Friday, March 21, 2014

Film: Art Project

Tim's Vermeer, Directed by Teller

Yeah, I know. I seem to be nothing but reviews at the moment. I suppose that this is because I am in a
review sort of mood. Plus the fact that my life is otherwise rather boring at the moment, though it is boring in a good way. Getting stuff done, hanging out with people, playing games, reading. Boring can be very good sometimes.

And in this case last week I decided on a weeknight (gasp!) to go a movie (Gasp!) by myself (GASP!) up in the U-District (meh). In this case, it was a tidy little film of the type that I didn't want to drag friends out to - Tim's Vermeer, about a guy who paints himself a Vermeer.

The Music Lesson by Vermeer
And the film was playing at the Sundance theater, and the last time I had been to that building it was for the Firefly sneak peak, so we're talking, what, nine years or so? Yeah, I'm not one for much repeat business. But I do note that the theater has been upgraded to a high-end, comfortable-chair, over-21-so-we-can-serve-alcohol venue. I arrived early, and as a result spent about an hour upstairs in the lounge by the gas fireplace, eating a pizza, nursing a cuba libre, and reading Wodehouse's Code of the Woosters. So I was pretty relaxed even before the movie.

Ah, right, the movie. Tim Jenison is successful inventor and founder of NewTek, which did Video Toaster and Lighwave 3D. Creative, ingenious, and having both time to pursue his ideas as well money to aid in any pursuit he takes an interest in. And he decides to paint a Vermeer.

And he's not forging a Vermeer, but rather using the Vermeer (The Music Lesson) as a model in an attempt to figure out Vermeer's technique. Vermeer is best known for his photo-realistic style and his soft, almost golden light. How did he capture these effects on the canvas? Jenison, an avowed non-artist, seeks to duplicate it.

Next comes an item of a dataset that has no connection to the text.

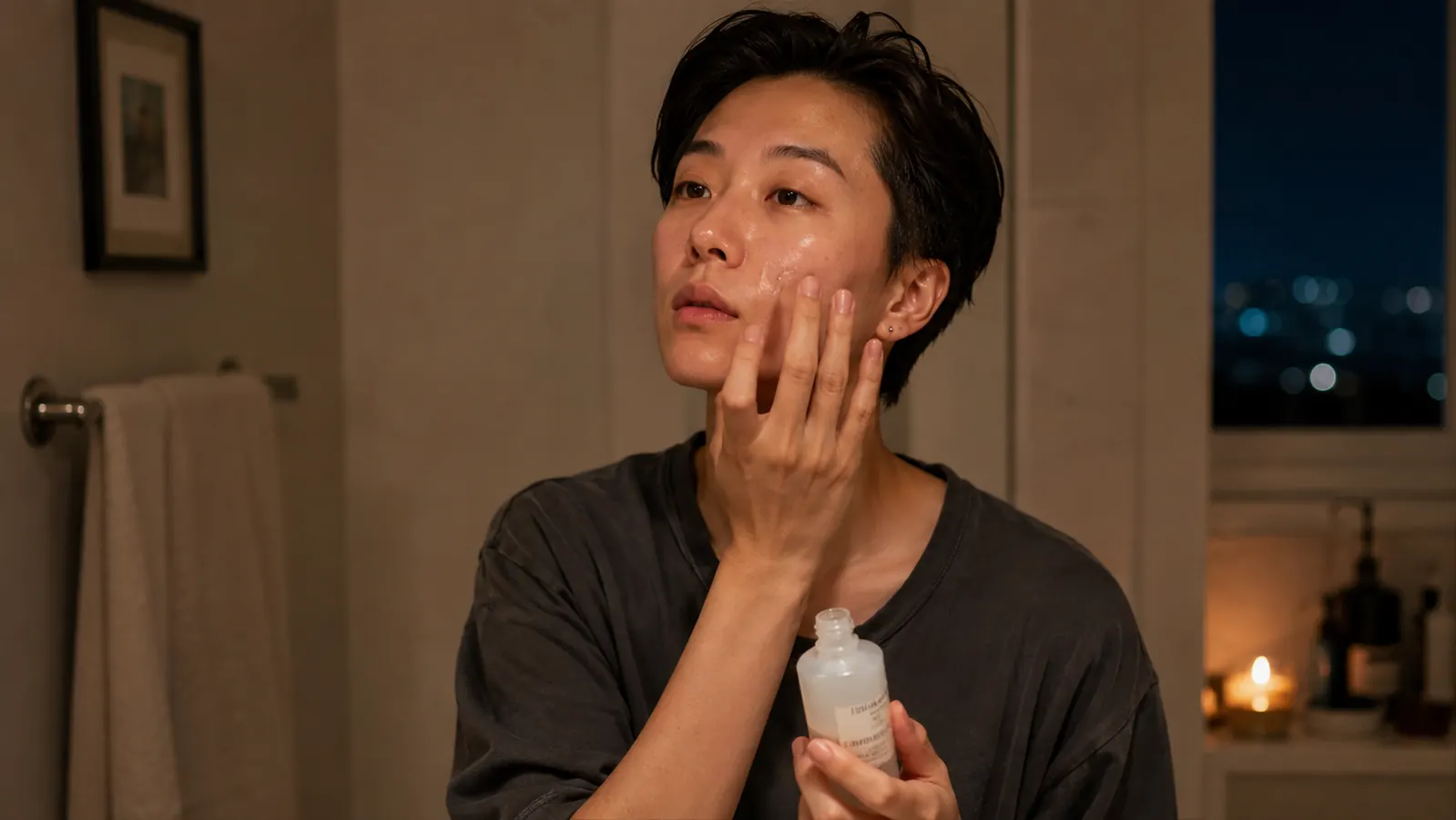 Person applying a few drops of serum to clean skin in front of a bathroom mirror at night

The artist David Hockney put forward the theory in his Secret Knowledge (2001) that the more realistic painters of the 16th and 17th century achieved their results by use of increased technology and research in optics and lenses. Indeed, my book of Vermeer prints from 1997 makes mention of the camera obscura as a technique, a simple device that consists of a dark room with a hole in an end. The reflected light present the image of the outside world in a ghostly, inverted image.

What Jenison has done is take these theories down to the ground level and examines the possible applications of this technology. First he fits the aperture of the camera obscura with a lens to sharpen the image. Then, he ingeniously uses a small mirror to duplicate the images, one line at a time. There is no sketchwork, no underpainting. merely duplication. He is coloring the image he sees at the edge of the mirror onto the canvas. Finally (as he discovers during the course of the film), he replaced the blank wall the image is focused on with a convex mirror to sharpen the image further. It is an optical three-bank shot that allows him to photocopy the image by hand.

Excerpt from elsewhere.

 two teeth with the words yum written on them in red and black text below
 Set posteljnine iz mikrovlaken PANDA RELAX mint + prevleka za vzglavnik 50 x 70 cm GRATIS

There's more to it than that, of course. He could have taken a reproduction of The Music Lesson and copied it directly in this fashion. Instead, he recreated the scene in the picture and then painted that in order to confirm that the distortions visible in the final product are the result of the methodology. Which means he created a studio with a northern exposure, had the costumes shown in the painting made, built the furniture, tracked down suitable pottery and musical instruments, and built a virginal (an early harpsichord). He ground his own lenses and mixed his own paints in the manner noted. And then, having done all that, started to paint, a long and detailed process of painting what he saw and matching the color along the mirror's edge.

The movie is that journey, of Jenison's attempt not just to reproduce, but to get it right. To create a proof-of-concept that this was a legitimate "lost technology" that could have been used by painters of the era. And the presentation captures and holds the attention. Jenison himself comes across as reasonable, engaged, and down-to-earth. He is balanced by Penn Jillette's narration (Teller directs), which provides the level of excitement bombast necessary to declare, yeah, this is a big deal.

Vermeer himself is a bit of mystery here throughout - there is record of his birth (I think - his father carries a different surname), and of his entering the Guild of Saint Luke, the painter's guild in the Low Countries, but no record of his apprenticeship in Delph. That may just mean  he spent his apprenticeship elsewhere, as those were more portable days. And while he was made the head of the Guild, he did not found a school or train others to follow in his style. At the time, he did not enjoy the popularity of the Dutch Masters of the era, and while his work was rediscovered in the 19th century, in my research I keep seeing the teeth-grating definition that he was a "provincial" artist of "genre" works.

I any event, a good film, and one that you should get out to see, or to at least queue up for the Netflix release.